**Stored data**
###

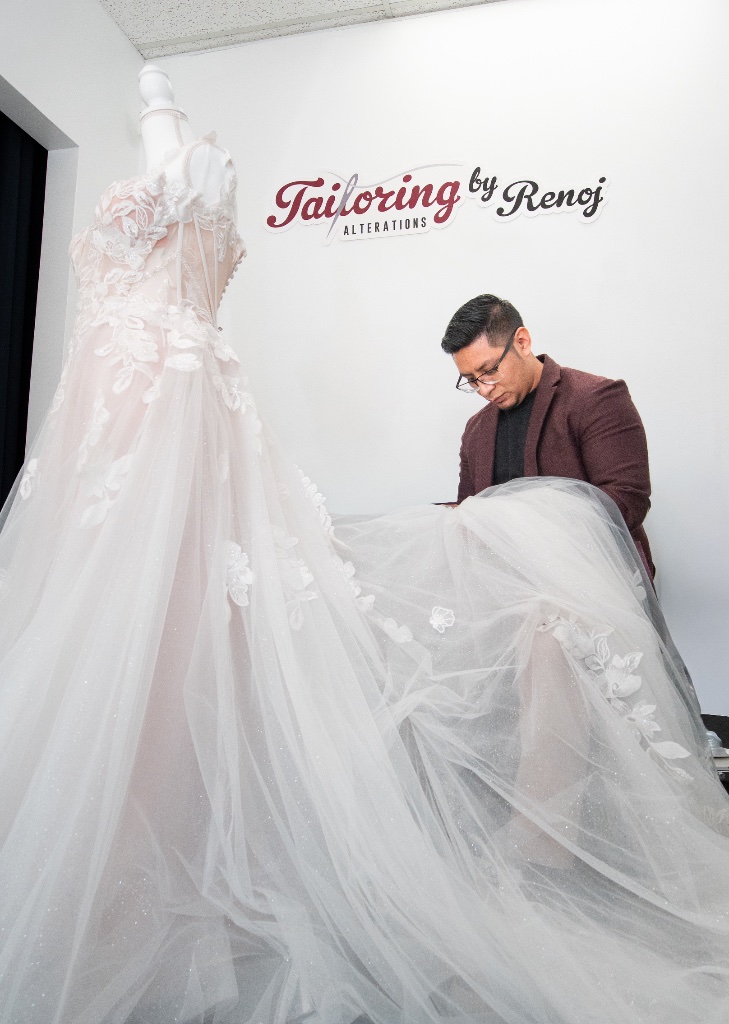 Renoj tailoring a white wedding gown on a mannequin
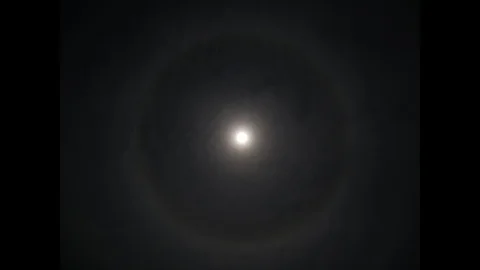 Moon with Ring of bright light shining around it timelapse Video stock 86298050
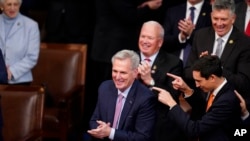 US Representative Kevin McCarthy, R-Calif., smiles after winning the 15th ballot in the House of Representatives on the fifth day of trying to elect a president and convene the 118th Congress in Washington, on January 7, 2023.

###

**What needs to be done**
Write the listing again exactly, duplicating every line and skipping the pictures.

**Task result**
 Renoj tailoring a white wedding gown on a mannequin
 Moon with Ring of bright light shining around it timelapse Video stock 86298050
 US Representative Kevin McCarthy, R-Calif., smiles after winning the 15th ballot in the House of Representatives on the fifth day of trying to elect a president and convene the 118th Congress in Washington, on January 7, 2023.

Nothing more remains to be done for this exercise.